In the footsteps of Nikos Kazantzakis in Japan



        

          Through a grille in a thirteen hundred year old wooden pagoda I see them: tiny clay figures of incredible age, their expressions concealed by the semi-darkness. Unlike the handful of squinting Japanese around me, I was prepared for this. Feeling like a minor criminal, I grab my flashlight and direct the weak beam at the scrawny ascetics before me. They are ululating and pounding their chests in lamentation, mourning the passing of the Buddha in their midst.



          I did not come to Horyu-ji to see these miniature statues, though. I was instead inspired by a description I chanced upon in a musty biography of one of my favourite writers: Nikos Kazantzakis. A student of Buddhism, he made a pilgrimage here in 1935, and raved about it in a letter to his wife in these terms: “Exquisite. Peaceful, pagodas, springtime-sweet air, Buddhas smiling in the half-light, paintings on silk, dancing girls and, above all, the goddess Kwannon, the goddess of mercy. This is the most beautiful statue I’ve ever seen.’



          On this late June day, however, the air is not springtime-sweet. The sun is bright, ferocious and dazzling. For once I look at the umbrella-wielding Japanese women with something other than scorn. Nor is it especially peaceful. Smart tour guides with blue flags and squeaky voices march hordes of bored-looking Japanese junior high school children around the large grounds at military pace. Occasionally, a shout of ‘atsu!’ (hot!) from one of the boys rises above the general murmur.  



          There’s a dearth of foreigners, or at least white people at Horyu-ji, underlining the fact that it’s not that easy to get to. It took me two hours from Kyoto Station, first on a slow-paced local train along a single-track railway to Nara, then across a tableland of saturated rice fields and ugly houses to the dusty town of Ikaruga. Green hills could be seen in the distance in all directions. After a fifteen minute walk in unforgiving heat and humidity I reached a long and narrow avenue of sloping pines.
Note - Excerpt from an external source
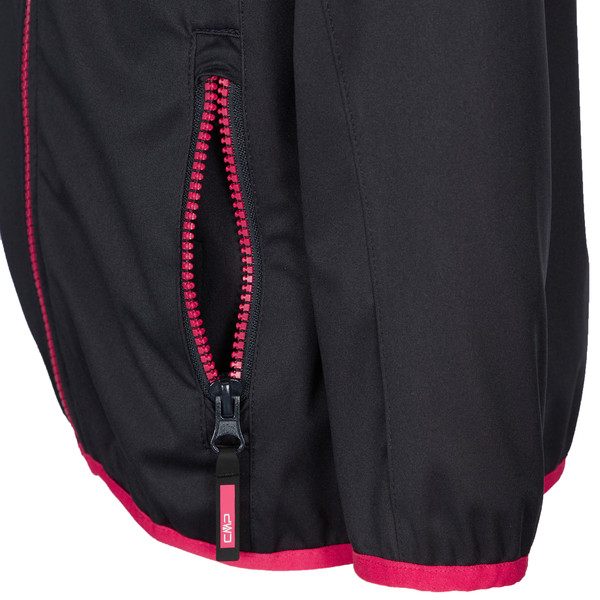 KID G JACKET FIX HOOD Kinder - Softshelljacke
It seemed a fitting approach to one of Japan’s oldest temples.  



          Indeed, according to the tourist bumf, Horyu-ji is home to ‘the world’s oldest surviving wooden structures’, among whose number is the aforementioned five-story pagoda. Looking at this brown and white edifice with its deep eaves, I find the claim hard to believe: rather disappointingly, it looks in great shape. I had hoped for a sight redolent of antiquity that would send a thrill though my body. Of more interest are the immense and discoloured clay guardians, with their rippling muscles and fearsome expressions, that protect the central gate. Now they do look old. 



          As I leave the spacious western precinct, exiting through the long and shady cloister gallery, I feel a thrill of excitement. Ahead in the gallery of treasures the statue of the goddess Kannon waits, the one Kazantzakis called the most beautiful he’d ever seen. It stands before a mandorla in a hall of its own, a remarkably tall and slight wooden figure, with long arms and a water vase in its left hand. The figure is feminine, but the face looks more like a man’s. 


          It’s a mesmerising sight, well over a thousand years old, but is it the one Kazantzakis spoke of? Later, back in Tokyo, I discover that Horyu-ji houses another celebrated statue of Kannon, a so-called ‘secret Buddha’ that can only be seen in the spring and fall. I guess I’ll never know.